→ Exercise objective:
No picture should appear in the copy. Transcribe exactly, and only, the lines from the one with "Anthill in Kidepo" through the last line of the data below.

→ Material provided:
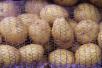 Доставка лук, картофеля из Севастополя в Воронеж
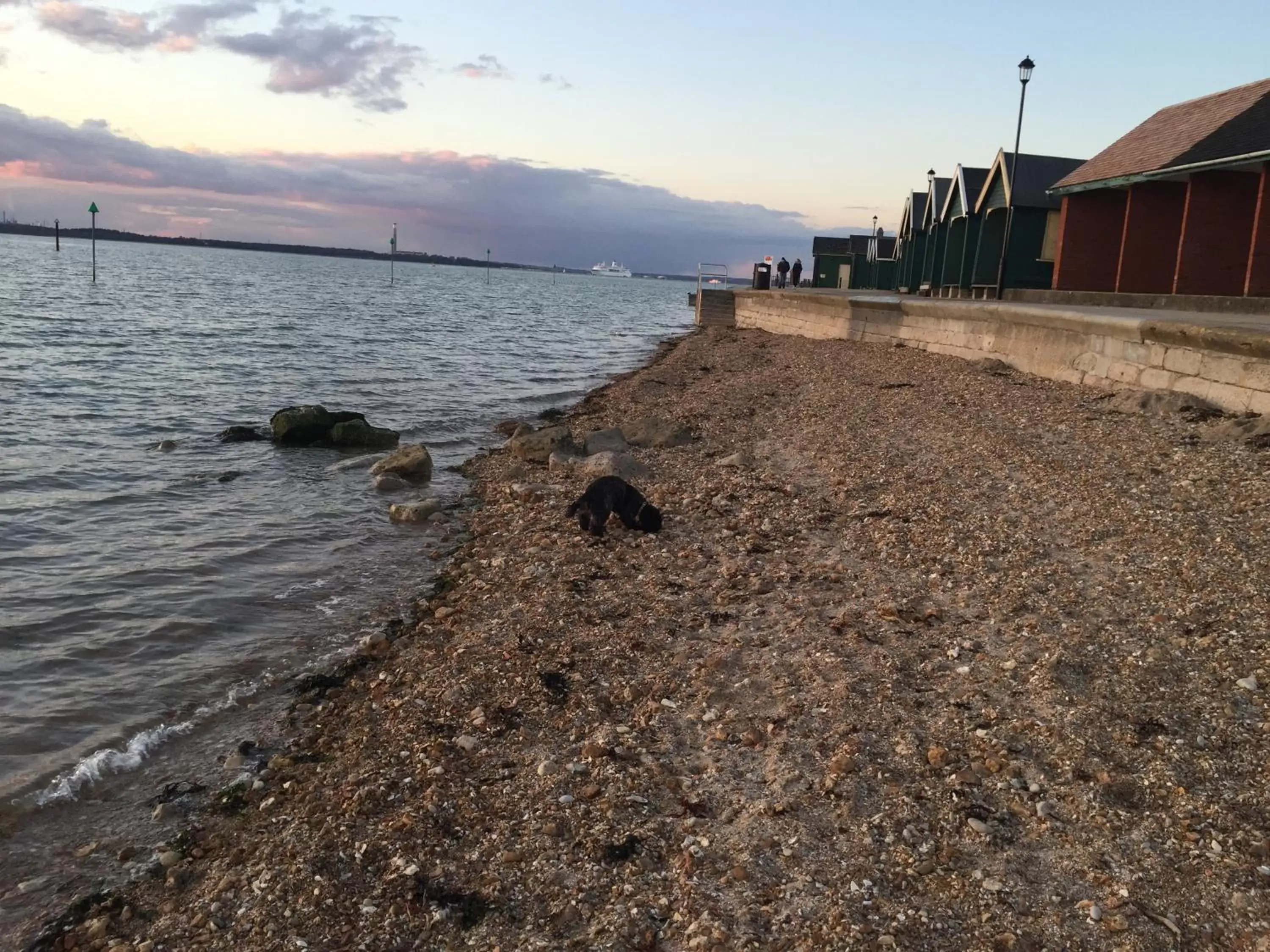 Beach in The Woodvale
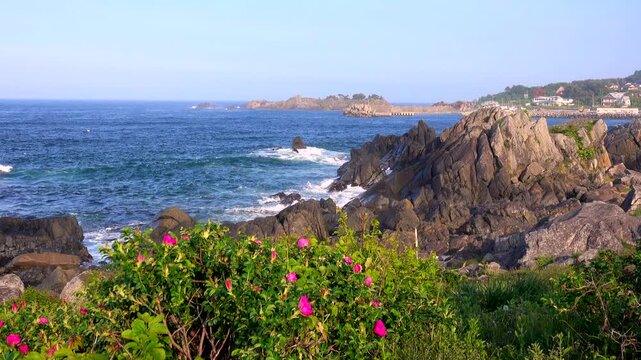 種差海岸とハマナス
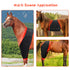 equine red light therapy pad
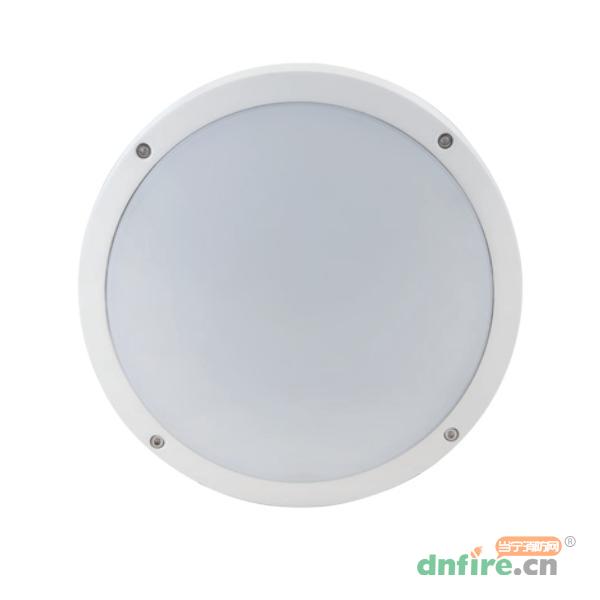 SE-ZFJC-E30W-EL5220吸頂式消防應(yīng)急照明燈具（B 型）,西門子,消防應(yīng)急照明燈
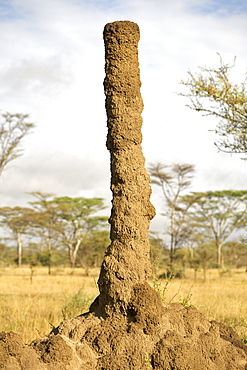 Anthill in Kidepo Valley National Park in northern Uganda.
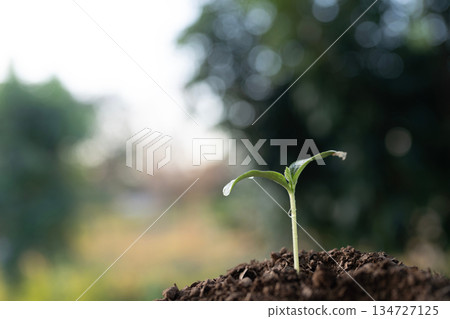 Small pumpkin sprout growing with visible droplets and Trichome Small pumpkin sprout growing with visible droplets and Trichome 134727125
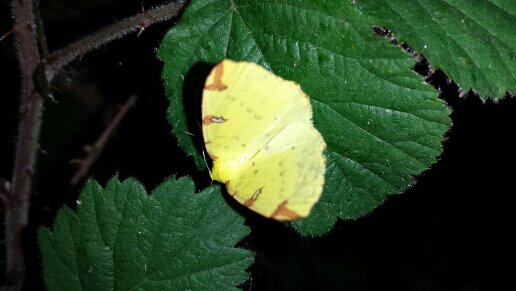 Wildlife Conservation in around Yorkshire, and also a place to share info about wildlife and the environement :)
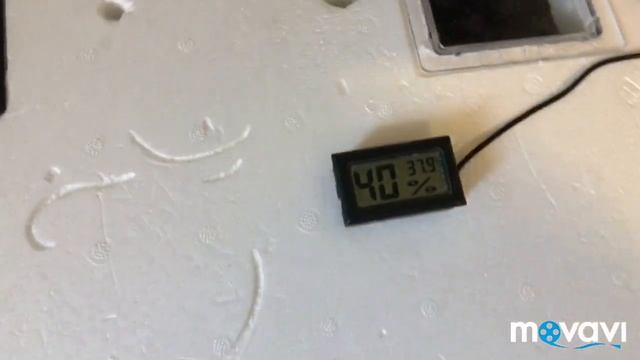 Инкубация яиц перепелов без переворота . Эксперимент. смотреть онлайн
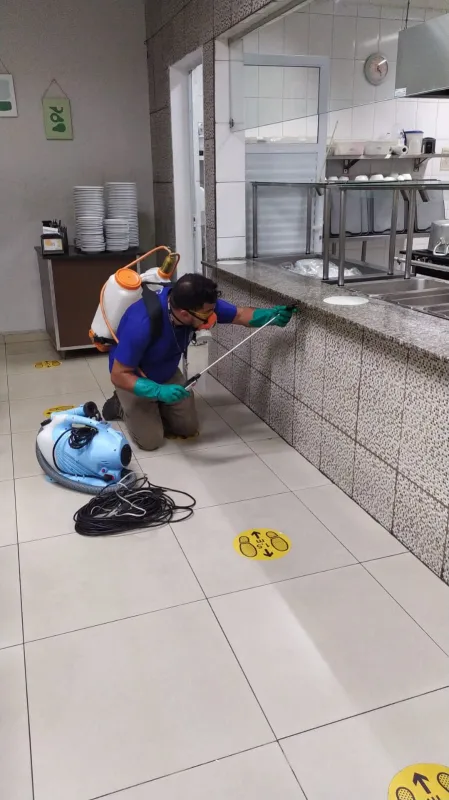 Imagem ilustrativa de Dedetização em empresas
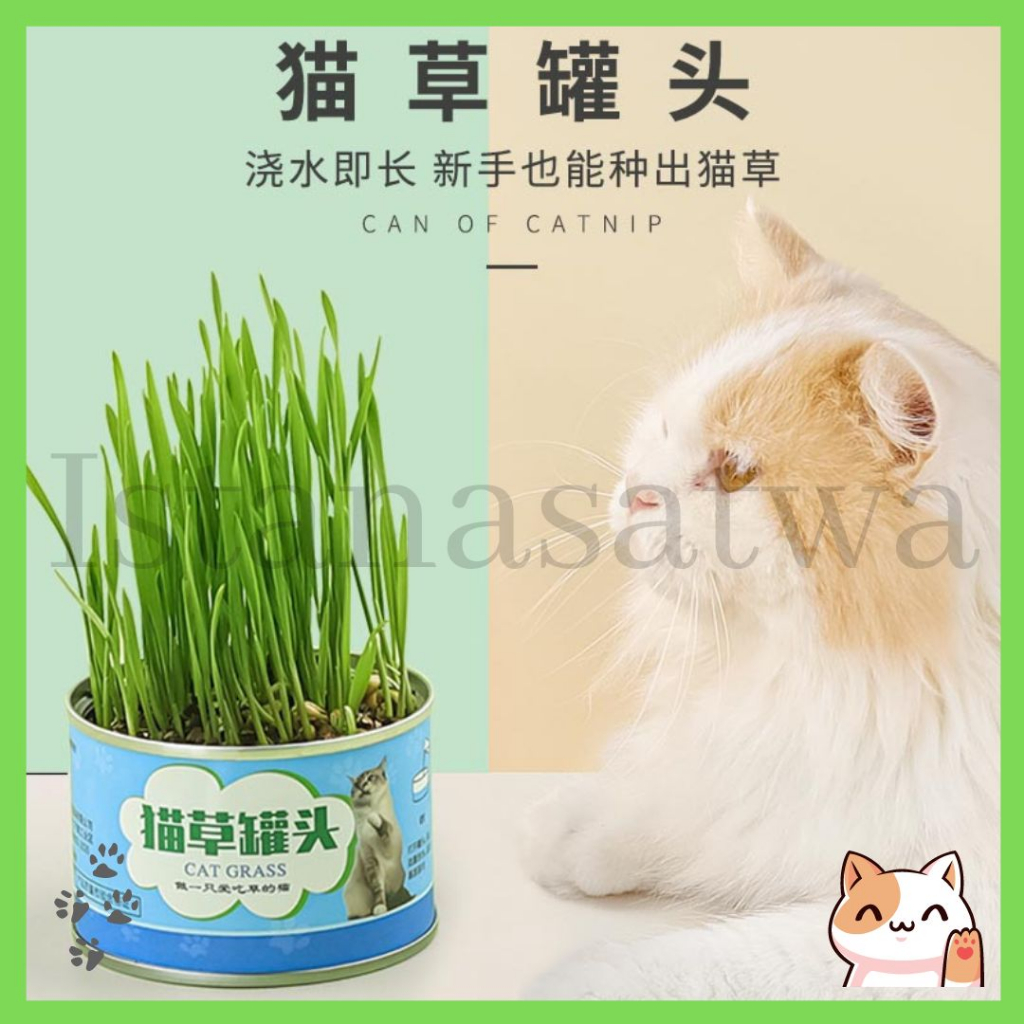 Cat Grass Kaleng Rumput Kucing Premium - Paket Rumput Kucing Wheatgrass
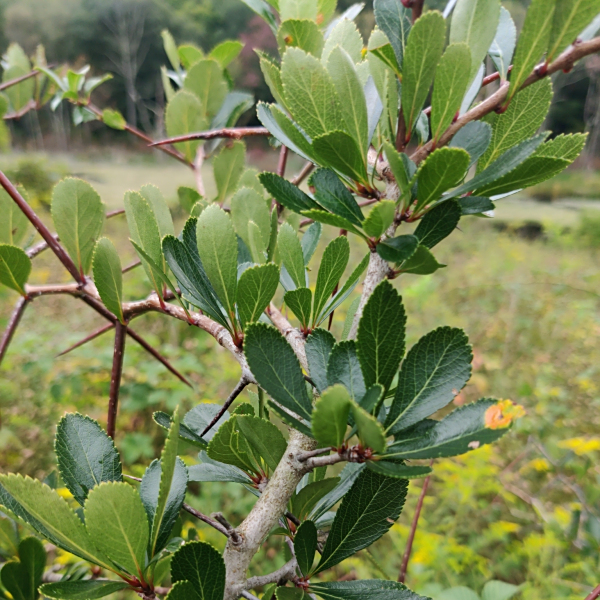 Crataegus crus-galli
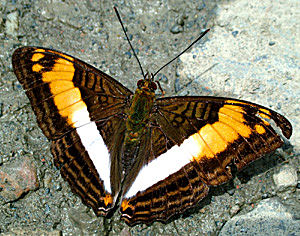 Yolosa, Yungas, Bolivia d. 2 Januar 2005. Fotograf: Lars Andersen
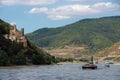 Cargo and tourist ships on the Rhine river valley near Ruedesheim, Germany Royalty Free Stock Photo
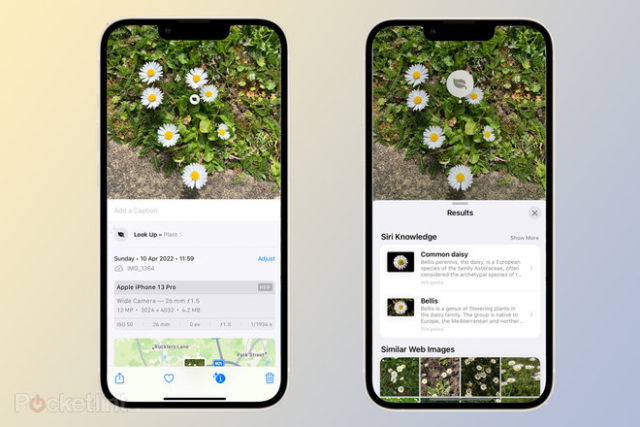 Dari iPhoneIslam.com, Deskripsi: Dua iPhone menampilkan gambar bunga yang berbeda menggunakan maksud pencarian visual.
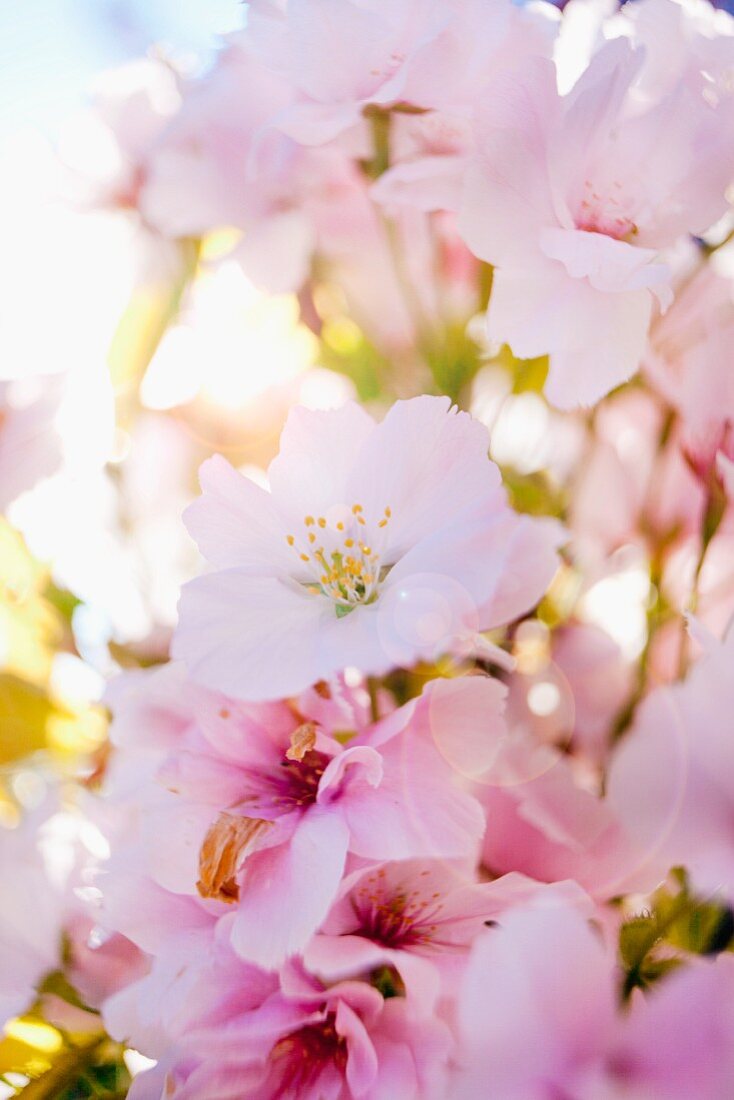 Kirschblüten (Nahaufnahme)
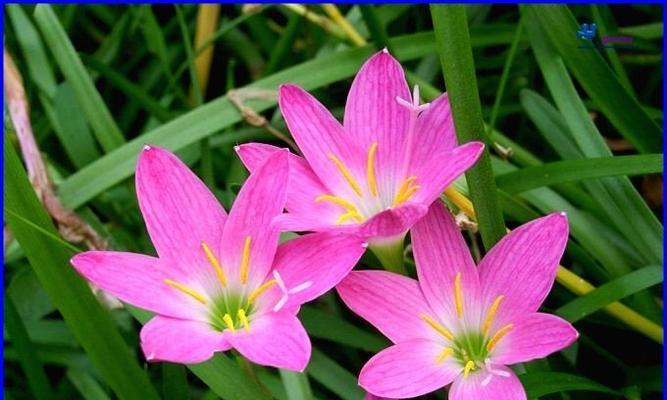 韭兰的种植与护理技巧（从选种到收获）
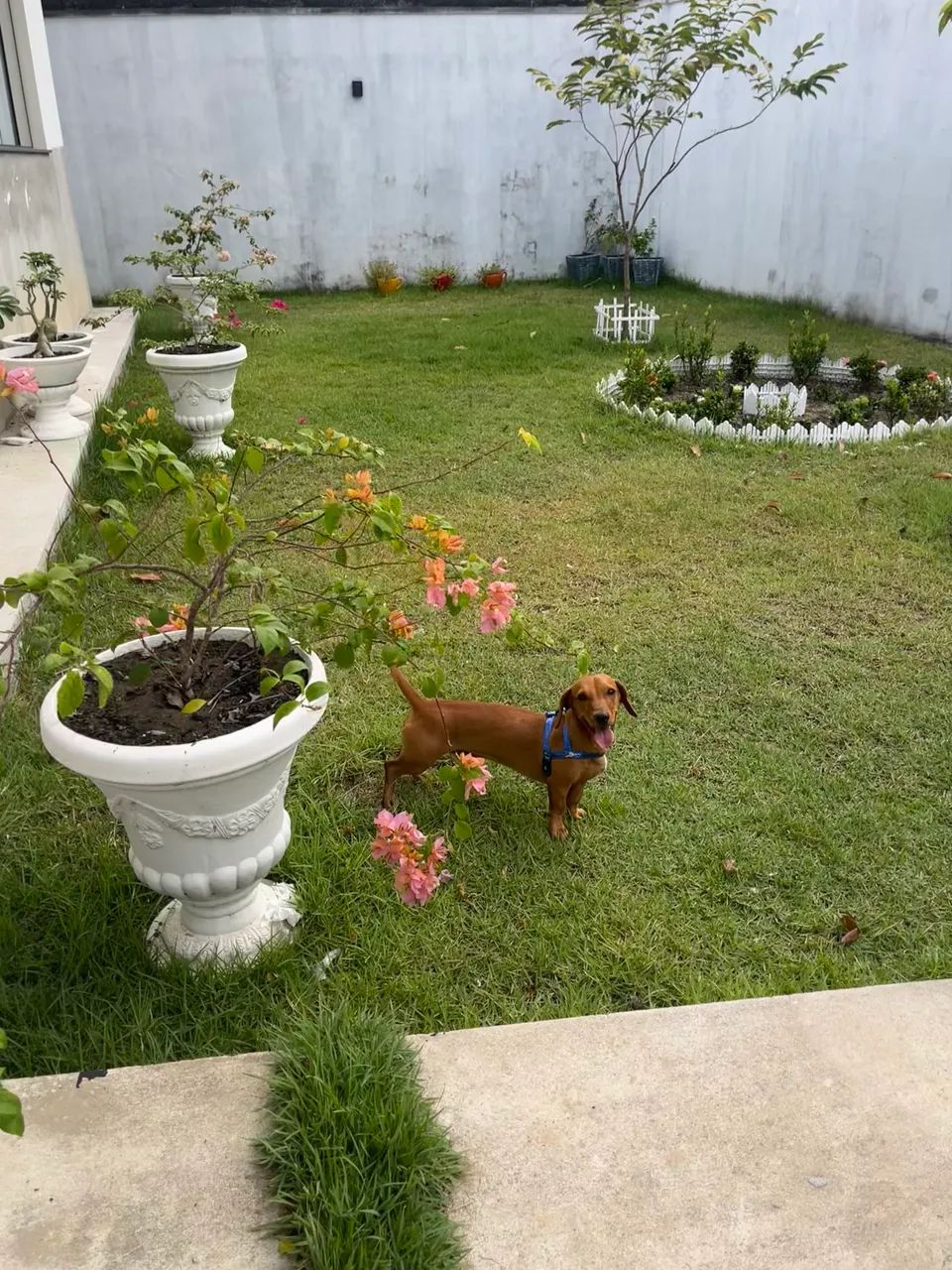 PROCURANDO UMA NAMORADA - Foto 5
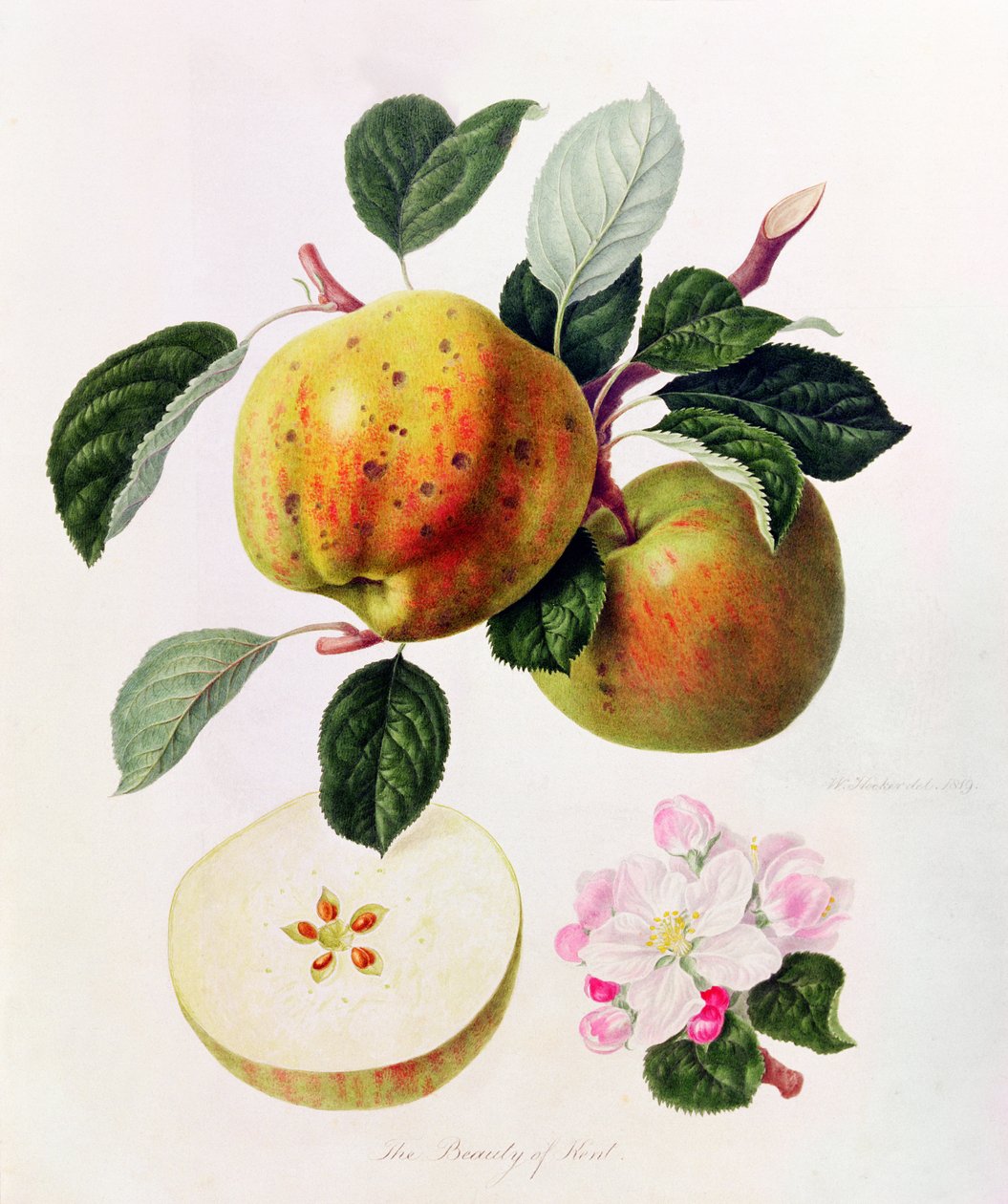 La Belleza de Kent de William Hooker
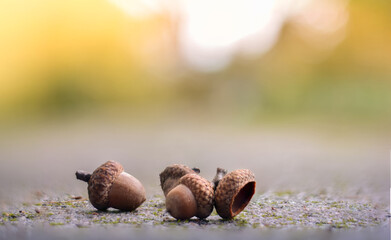 Macro of acorns set on the ground. Shallow depth of field with bokeh and blur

→ Result below:
 Anthill in Kidepo Valley National Park in northern Uganda.
 Small pumpkin sprout growing with visible droplets and Trichome Small pumpkin sprout growing with visible droplets and Trichome 134727125
 Wildlife Conservation in around Yorkshire, and also a place to share info about wildlife and the environement :)
 Инкубация яиц перепелов без переворота . Эксперимент. смотреть онлайн
 Imagem ilustrativa de Dedetização em empresas
 Cat Grass Kaleng Rumput Kucing Premium - Paket Rumput Kucing Wheatgrass
 Crataegus crus-galli
 Yolosa, Yungas, Bolivia d. 2 Januar 2005. Fotograf: Lars Andersen
 Cargo and tourist ships on the Rhine river valley near Ruedesheim, Germany Royalty Free Stock Photo
 Dari iPhoneIslam.com, Deskripsi: Dua iPhone menampilkan gambar bunga yang berbeda menggunakan maksud pencarian visual.
 Kirschblüten (Nahaufnahme)
 韭兰的种植与护理技巧（从选种到收获）
 PROCURANDO UMA NAMORADA - Foto 5
 La Belleza de Kent de William Hooker
 Macro of acorns set on the ground. Shallow depth of field with bokeh and blur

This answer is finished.